▶ [COLLECTED DATA]:

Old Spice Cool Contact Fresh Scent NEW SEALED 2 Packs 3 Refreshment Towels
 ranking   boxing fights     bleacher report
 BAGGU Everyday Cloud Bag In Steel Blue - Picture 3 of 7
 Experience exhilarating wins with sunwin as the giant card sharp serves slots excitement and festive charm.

▶ [EXERCISE BRIEF]:
An exact retyping of the lines from the one with "BAGGU Everyday Cloud" to the end of the material above, with both ends included and nothing added, is the required answer.

▶ [ANSWER BOX]:
 BAGGU Everyday Cloud Bag In Steel Blue - Picture 3 of 7
 Experience exhilarating wins with sunwin as the giant card sharp serves slots excitement and festive charm.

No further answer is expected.